In this exercise, print only the lines of the records below from the one with "Bed and Breakfast da Beatrice" through the one with "QR code for 5H89911", inclusive. Pictures are not part of the copy.

---------- DATA LISTING

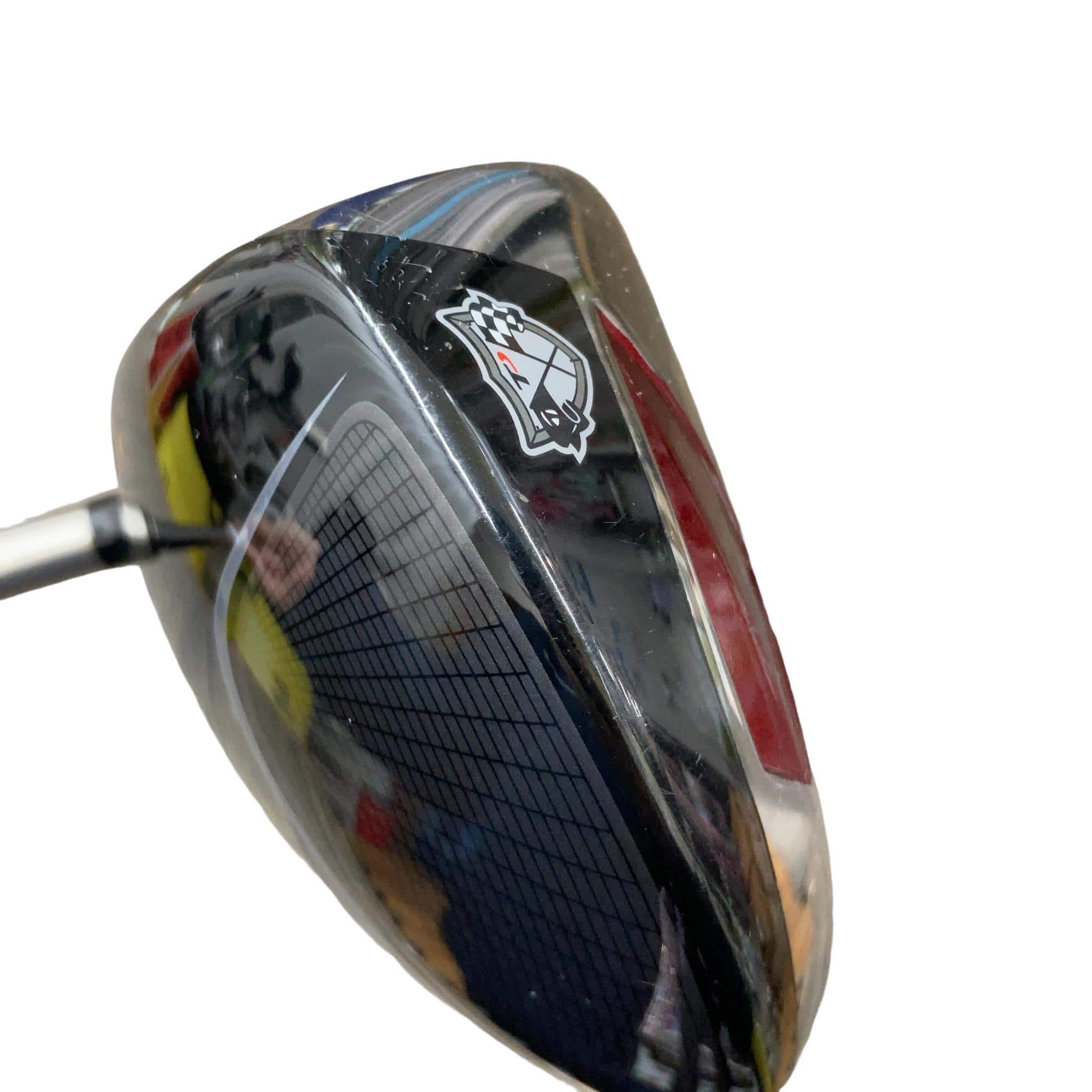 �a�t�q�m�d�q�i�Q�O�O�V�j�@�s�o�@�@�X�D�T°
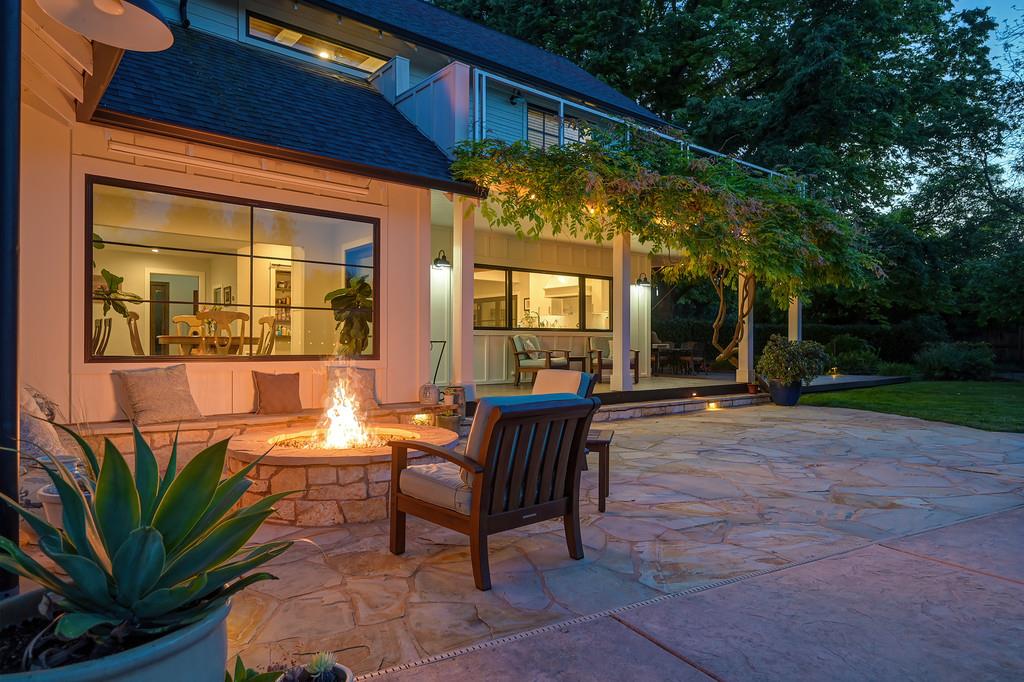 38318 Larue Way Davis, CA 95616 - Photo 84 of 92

--------------------
---------- DATA LISTING

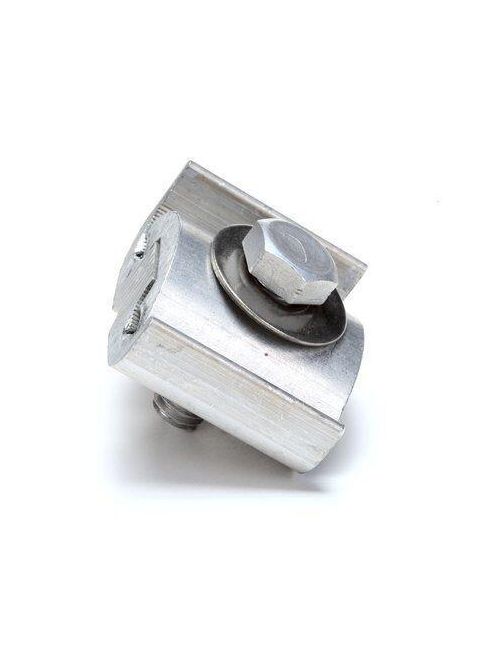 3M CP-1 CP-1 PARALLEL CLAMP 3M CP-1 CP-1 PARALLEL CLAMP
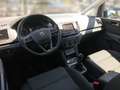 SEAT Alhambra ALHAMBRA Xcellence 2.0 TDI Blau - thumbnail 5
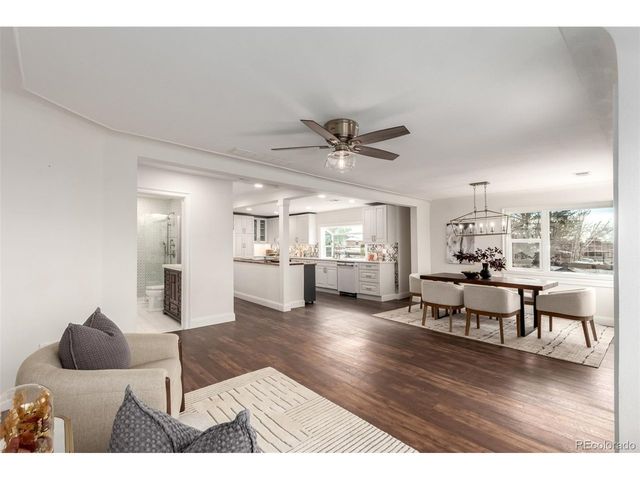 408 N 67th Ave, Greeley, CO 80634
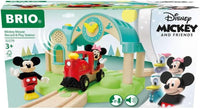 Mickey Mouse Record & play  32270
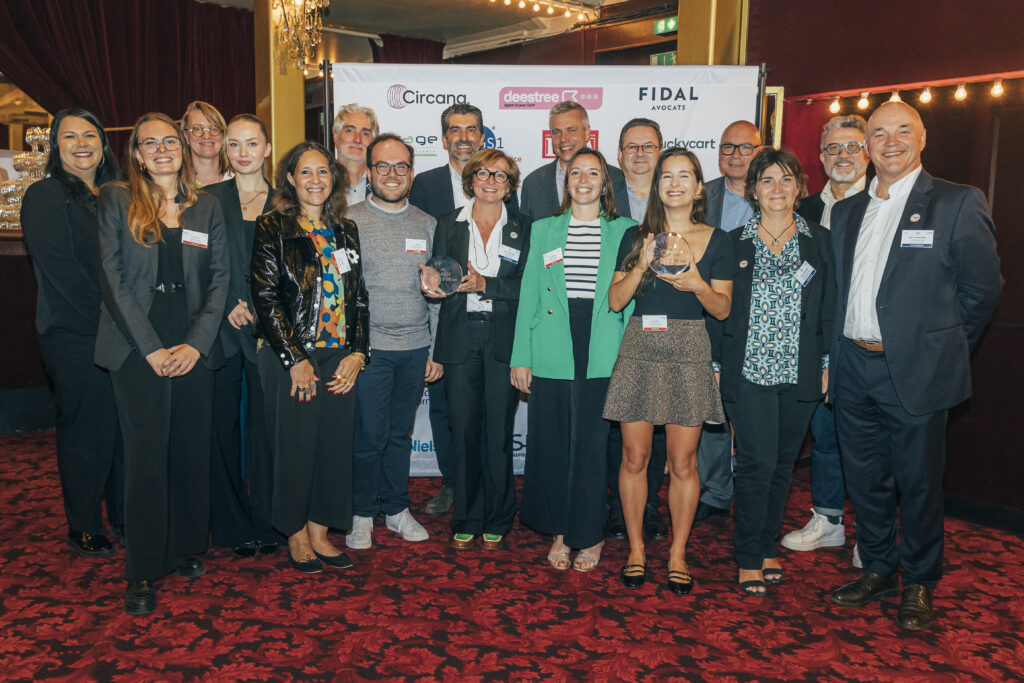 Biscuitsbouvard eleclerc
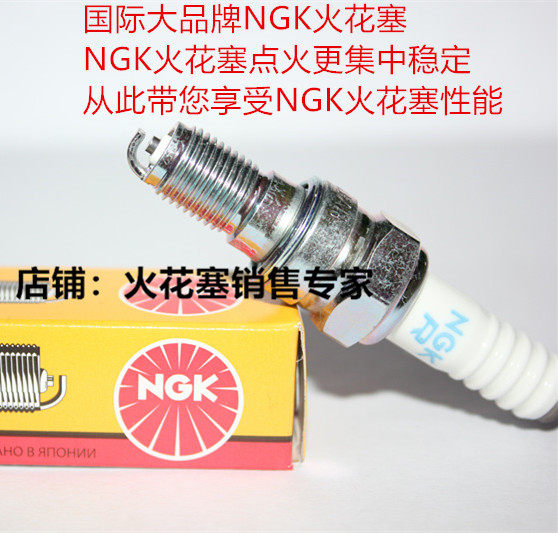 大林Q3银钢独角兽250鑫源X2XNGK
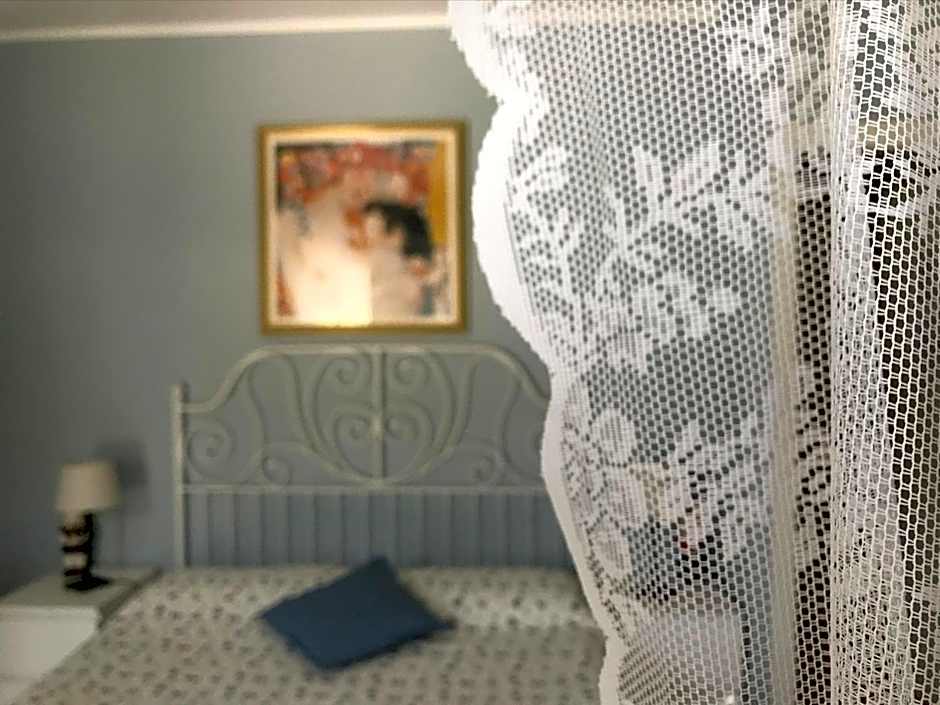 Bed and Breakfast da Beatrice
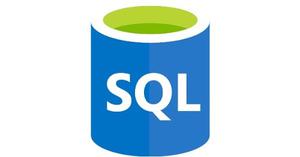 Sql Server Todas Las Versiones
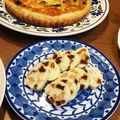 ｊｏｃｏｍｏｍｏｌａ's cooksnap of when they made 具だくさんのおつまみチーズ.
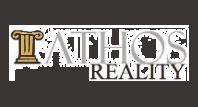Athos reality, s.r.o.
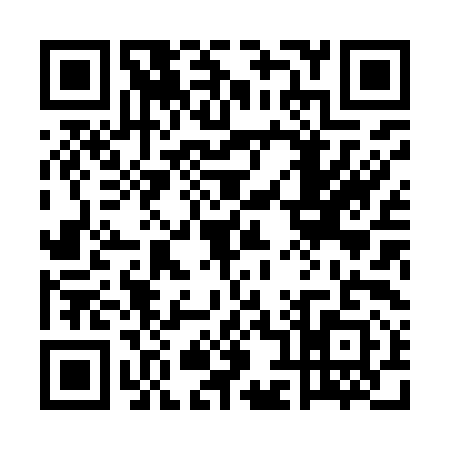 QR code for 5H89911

--------------------

(SOLUTION TO THIS PROBLEM)
 Bed and Breakfast da Beatrice
 Sql Server Todas Las Versiones
 ｊｏｃｏｍｏｍｏｌａ's cooksnap of when they made 具だくさんのおつまみチーズ.
Athos reality, s.r.o.
 QR code for 5H89911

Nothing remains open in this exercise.